On the basis of the first systematic mapping of Ua Pou, long known for its exceptionally abundant phonolites, we estimate that these rocks cover 65% of the surface of the island whereas mafic lavas cover 27% and intermediate ones 8%. The silica-undersaturated suite was erupted in a restricted time span (2·9–2·35 Myr), following the emplacement of tholeiites derived from a young HIMU-type source at c. 4 Ma. Primitive basanites, derived from a heterogeneous mantle source with a dominant EM II + HIMU signature, represent likely parental magmas. The series is characterized by a Daly gap defined by a lack of phonotephrites. We consider that the most likely model for the origin of evolved lavas is partial melting at depth of primitive basanites, leaving an amphibole-rich residuum and producing tephriphonolitic magmas.

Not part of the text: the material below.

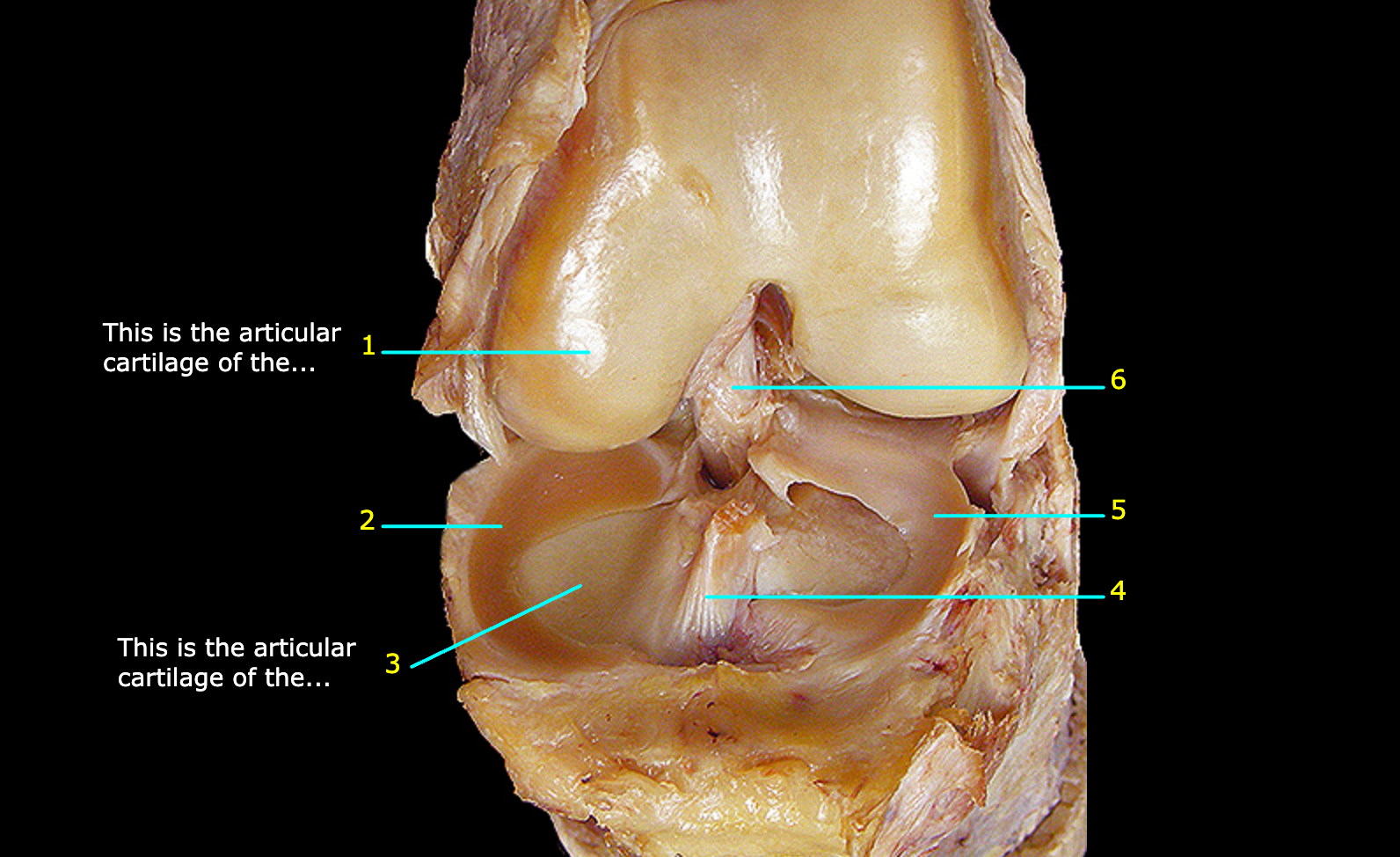 <p>What structure is labeled 4?</p>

These tephriphonolitic magmas may have evolved by closed-system fractional crystallization towards Group A phonolites. Three other groups of phonolites could have been derived from tephriphonolitic magmas by open-system fractional crystallization processes, characterized respectively by seawater contamination (Group B), assimilation of nepheline syenite-type materials (Group C) and extreme fractionation coupled with assimilation of the underlying oceanic crust (Group D). The prominence of evolved lavas is a consequence of their origin from partial melting of mafic precursors followed by crustal contamination.